The Black Swan Epilogue
posted on 11/2009 By:
Bibleblack features guitarists Mike Wead (King Diamond / Mercyful Fate) and Simon Johansson (Memory Garden), so the band’s gothic and mildly doomy take on melodic death metal shouldn’t surprise anyone. Another point that shouldn’t pose any surprise is the fact that the guitar-work contained on The Black Swan Epilogue is the most distinctive and interesting part of the record. While Wead’s leads are fast, melodic and typically well-crafted and his interplay with Johansson is solid, overall, Black Swan feels like the product of a weekend-long riff-knitting session—some cool moments that really work and bits of true and glorious inspiration interspersed across eight tracks that more often than not don’t quite coalesce into truly kick-ass songs, merely decent moments that feel stitched-together, meandering. For every moment like the driving parts of “Bleed” or the tremolo-picked riff in “The Dark Engine,” there are as many points where the songs lose steam, diverging into half-cool shifts, the occasional pedestrian riff, atmospheric interludes or keyboard-laden “spooky” dramatics… Vocalist Kacper Rosanski’s rasp is suitably throaty and raw, but it’s also pretty standard, and neither he nor anyone else on hand (save Wead) does anything to truly stand out. And yes, Wead’s performance is truly noteworthy, but even then, his contributions to Fate and Diamond are better in every way.
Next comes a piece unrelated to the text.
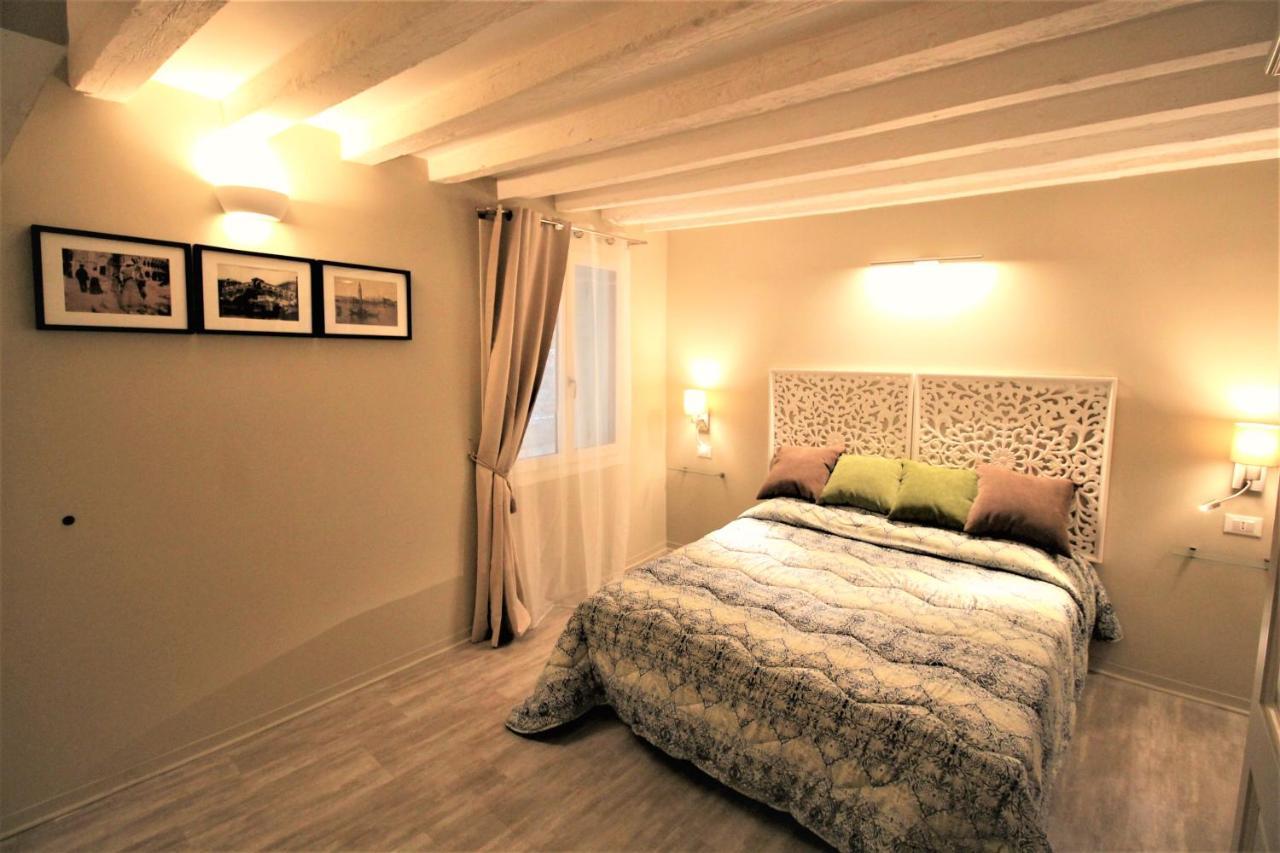San Marco Fenice 3bdr 2bth Venezia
As alluded to above, “Bleed” is the album’s best track, fast and snarling, with a memorable hook and a more cohesive riff structure than on other tracks. There, as elsewhere, the gothic touches give Black Swan a slight departure from typical goth / melodeath fare, but even then, even in the album’s best moments, the generally eerie atmospherics (also evident on the intro to “The Dark Engine”) still can’t (or don’t) separate this too terribly far from average. Side projects are (more) often (than not) plagued with a product less than the sum of its parts, and this one is one of those.
When all is said and done, despite a few moments of glory, The Black Swan Epilogue suffers from disjointed and mostly bland songwriting, from a result that’s less engaging than one would hope given the names attached.